**Action item:** Pictures in the records below must be left out. Return exactly the lines from the line with "Senior Class Of" to the line with "เสื้อฮู้ดดี้ผู้ชายคุณภาพสูง เสื้อสเวตเชิ้ตแบบสวม Unisex", both included.

**Image-text web data:**
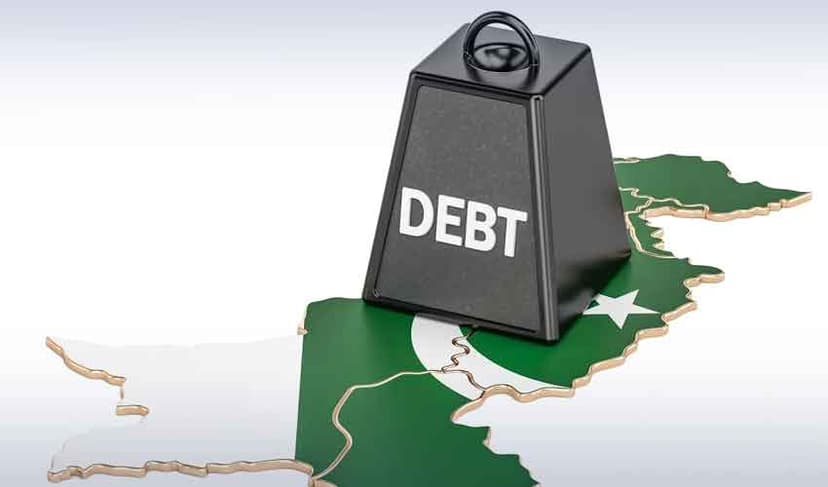 Pakistan debt and liabilities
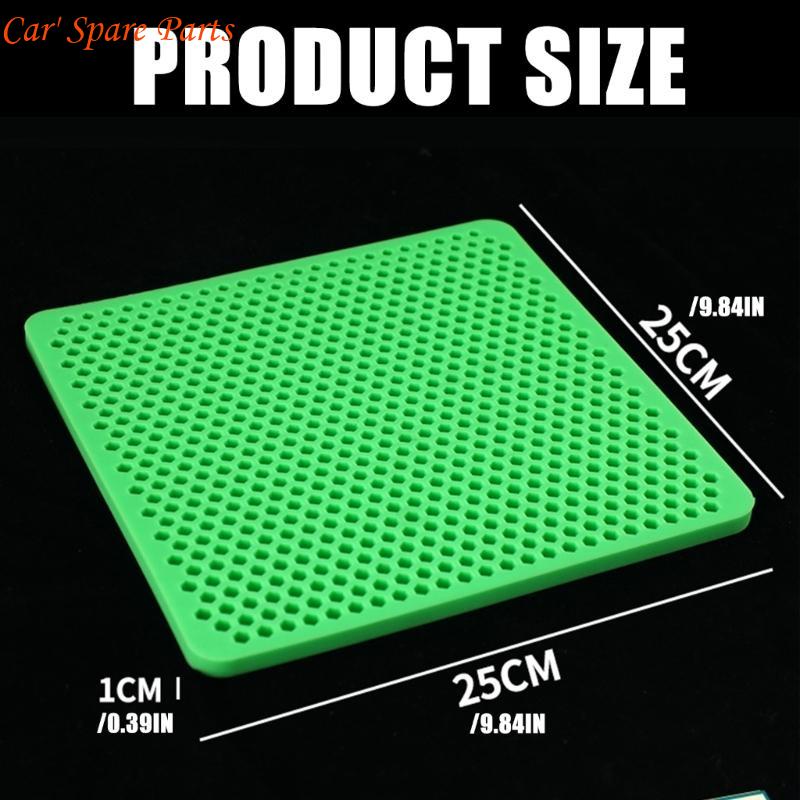 Y4UA Large 8mm Threaded Chuck Holder Board Chuck Organizers Board for Efficient Tool Management & Storage In Workshops
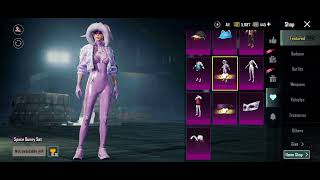 Space Bunny Set *Unavailable* 😭 - PUBG MOBILE screenshot 3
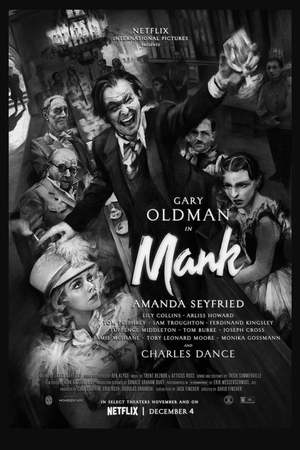 Mank (2020) DVD Release Date
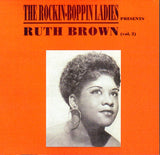Cat. No. VV 1317: RUTH BROWN ~ THE ROCKIN-BOPPIN LADIES PRESENTS. VOL. 2. BE-BOP RECORDS  BB 100.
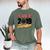 Senior Class Of 2019 Tshirt Graduation Students Hockey Men's Comfort Colors T-Shirt Moss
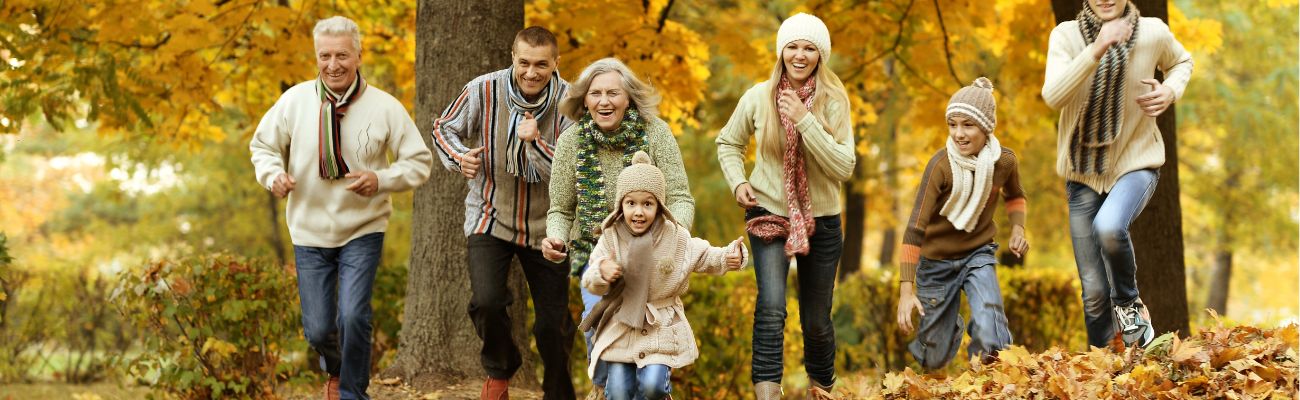 Kamperen in de herfstvakantie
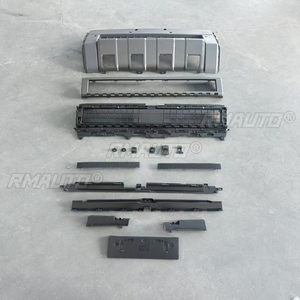 Kit de Carrocería para Toyota Prado LC250 2024+, Parrilla Delantera, Rejillas Decorativas, Tiras Decorativas, Parrilla Delantera Exterior - Product Image 5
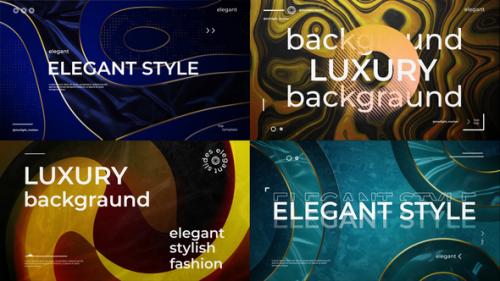 Videohive - Background Typography - 51877163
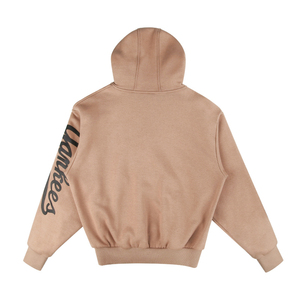 เสื้อฮู้ดดี้ผู้ชายคุณภาพสูง เสื้อสเวตเชิ้ตแบบสวม Unisex ทรงโอเวอร์ไซส์ รับสกรีนโลโก้ เสื้อฮู้ดดี้เปล่าเนื้อหนา คุณภาพสูงสำหรับผู้ชาย - Product Image 2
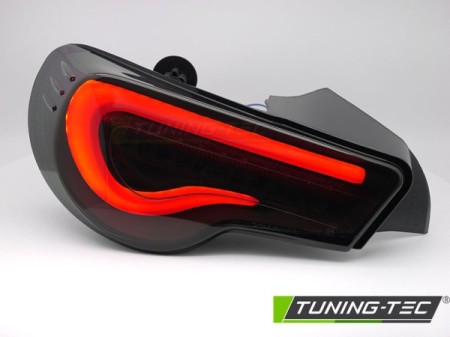 TOYOTA GT86 12-21 LED BAR BLACK SMOKE RED SEQ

**Response below:**
 Senior Class Of 2019 Tshirt Graduation Students Hockey Men's Comfort Colors T-Shirt Moss
 Kamperen in de herfstvakantie
 Kit de Carrocería para Toyota Prado LC250 2024+, Parrilla Delantera, Rejillas Decorativas, Tiras Decorativas, Parrilla Delantera Exterior - Product Image 5
 Videohive - Background Typography - 51877163
 เสื้อฮู้ดดี้ผู้ชายคุณภาพสูง เสื้อสเวตเชิ้ตแบบสวม Unisex ทรงโอเวอร์ไซส์ รับสกรีนโลโก้ เสื้อฮู้ดดี้เปล่าเนื้อหนา คุณภาพสูงสำหรับผู้ชาย - Product Image 2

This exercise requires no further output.